Ein Grieche als Nationalheiliger?

Der 1. August ist in der Schweiz traditionell ein Tag der Ambivalenz. Er ist ein arbeitsfreier Tag, was erfreulich ist. Man kann Feuerwerk zünden und Würste auf den Grill werfen, und wer es wirklich ernst meint, besucht sogar eine der zahlreichen Festansprachen zum Nationalfeiertag. Echte Ergriffenheit kommt aber vermutlich nur bei einer Minderheit auf. Schließlich hadert man manchmal auch mit seinem eigenen Land und konzentriert sich lieber auf aktuelle Herausforderungen, als auf historische Begebenheiten zurückzuschauen.

Die einen freuen sich, die anderen lässt es eher kalt – und dann gibt es eine dritte Gruppe: die Spielverderber. Sie können mit dem 1. August und seiner Entstehung grundsätzlich nichts anfangen, reden die Geschichte klein oder machen – wie im jüngsten Fall – überaus kreative Vorschläge, wie man den Nationalfeiertag neu erfinden könnte.

Dieses Jahr ist Ueli Schmezer an der Reihe. Dieser war jahrelang als Moderator ein Aushängeschild des Schweizer Fernsehens und wechselte danach in die Politik als Nationalrat für die Sozialdemokraten (SP). Die Angst vor einem Popularitätsverlust treibt ihn aber dazu, sich weiter als Kolumnist eines Nachrichtenportals zu betätigen. Dort glänzt er nun mit einem Vorschlag, der an der kommenden Nationalfeier vermutlich für den einen oder anderen heiteren Austausch sorgen wird.

Ehre für einen Unbekannten

Seine Forderung: Schluss mit Wilhelm Tell als Schweizer Nationalheld, an den man am 1. August gern erinnert – und dafür her mit Ioannis Kapodistrias.

Ioannis Kapodistrias? Wer? Genau.

Kapodistrias, so klärt uns Schmezer auf, war ein griechischer Diplomat, der vor gut 200 Jahren für Russland in Europa unterwegs war und mit Verhandlungsgesprächen dabei half, der Schweiz nach den napoleonischen Wirren wieder auf die Füße zu helfen. Ein braver Mann, ein geschickter Vermittler. Doch für Schmezer ist er mehr als das: der wahre Nationalheld. Tell hingegen? „Gab’s nie.“ Alles, was die Schweiz sich selbst erzählt, sei falsch. Höchste Zeit also, dass ein Grieche mit russischem Auftrag unsere Identifikationsfigur wird. Was könnte schweizerischer sein?
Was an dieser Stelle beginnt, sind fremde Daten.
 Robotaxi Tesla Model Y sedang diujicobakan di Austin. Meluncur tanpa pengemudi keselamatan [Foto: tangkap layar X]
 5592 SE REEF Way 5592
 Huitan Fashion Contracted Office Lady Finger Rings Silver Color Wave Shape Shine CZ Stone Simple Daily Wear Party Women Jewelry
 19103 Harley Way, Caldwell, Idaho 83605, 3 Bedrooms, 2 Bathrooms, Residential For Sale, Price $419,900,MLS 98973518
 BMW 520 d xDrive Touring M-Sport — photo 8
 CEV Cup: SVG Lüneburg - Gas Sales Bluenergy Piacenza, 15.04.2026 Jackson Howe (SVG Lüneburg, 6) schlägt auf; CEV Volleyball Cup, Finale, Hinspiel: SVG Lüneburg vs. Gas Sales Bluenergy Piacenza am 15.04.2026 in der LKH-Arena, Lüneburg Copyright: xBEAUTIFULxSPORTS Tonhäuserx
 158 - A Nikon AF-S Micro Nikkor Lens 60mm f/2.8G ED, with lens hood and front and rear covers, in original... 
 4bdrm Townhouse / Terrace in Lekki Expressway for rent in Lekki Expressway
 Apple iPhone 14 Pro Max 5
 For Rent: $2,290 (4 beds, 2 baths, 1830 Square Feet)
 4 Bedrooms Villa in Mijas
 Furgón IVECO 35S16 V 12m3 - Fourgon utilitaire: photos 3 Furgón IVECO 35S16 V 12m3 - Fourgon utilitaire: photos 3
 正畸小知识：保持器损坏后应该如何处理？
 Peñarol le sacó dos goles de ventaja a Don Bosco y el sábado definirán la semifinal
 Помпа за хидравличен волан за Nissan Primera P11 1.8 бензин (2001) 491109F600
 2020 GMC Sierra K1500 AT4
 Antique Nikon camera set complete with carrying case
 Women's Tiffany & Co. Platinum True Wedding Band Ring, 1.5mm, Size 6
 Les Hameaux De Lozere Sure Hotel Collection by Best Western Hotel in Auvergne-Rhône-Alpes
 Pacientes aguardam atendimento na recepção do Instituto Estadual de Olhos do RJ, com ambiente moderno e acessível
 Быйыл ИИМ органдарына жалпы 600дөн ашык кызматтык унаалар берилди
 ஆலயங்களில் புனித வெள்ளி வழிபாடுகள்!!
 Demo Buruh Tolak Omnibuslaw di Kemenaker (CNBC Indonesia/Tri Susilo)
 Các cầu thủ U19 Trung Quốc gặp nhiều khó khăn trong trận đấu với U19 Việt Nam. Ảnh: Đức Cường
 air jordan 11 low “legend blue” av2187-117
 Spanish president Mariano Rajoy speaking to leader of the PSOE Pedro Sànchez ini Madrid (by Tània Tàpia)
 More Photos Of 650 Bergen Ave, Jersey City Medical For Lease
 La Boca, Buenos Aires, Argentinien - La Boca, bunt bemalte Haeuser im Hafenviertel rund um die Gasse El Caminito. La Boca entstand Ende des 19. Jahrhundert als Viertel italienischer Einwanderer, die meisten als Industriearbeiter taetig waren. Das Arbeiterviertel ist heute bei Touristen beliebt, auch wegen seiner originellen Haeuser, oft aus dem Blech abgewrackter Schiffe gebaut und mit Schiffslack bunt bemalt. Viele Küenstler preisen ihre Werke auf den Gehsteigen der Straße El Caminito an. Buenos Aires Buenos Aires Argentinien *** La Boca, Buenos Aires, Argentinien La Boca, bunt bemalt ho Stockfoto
Wilhelm Tell als Symbol für Freiheit und Eigenverantwortung

Natürlich hat Schmezer teilweise recht: Tell ist keine historisch wasserdichte Figur. Aber das war nie der Punkt. Symbole müssen nicht in Archiven belegt, sondern im kollektiven Gedächtnis verankert sein. Tell steht für etwas. Für Freiheit. Für Eigenverantwortung. Für das Recht, dem Staat ins Gesicht zu sagen: Bis hierher und nicht weiter.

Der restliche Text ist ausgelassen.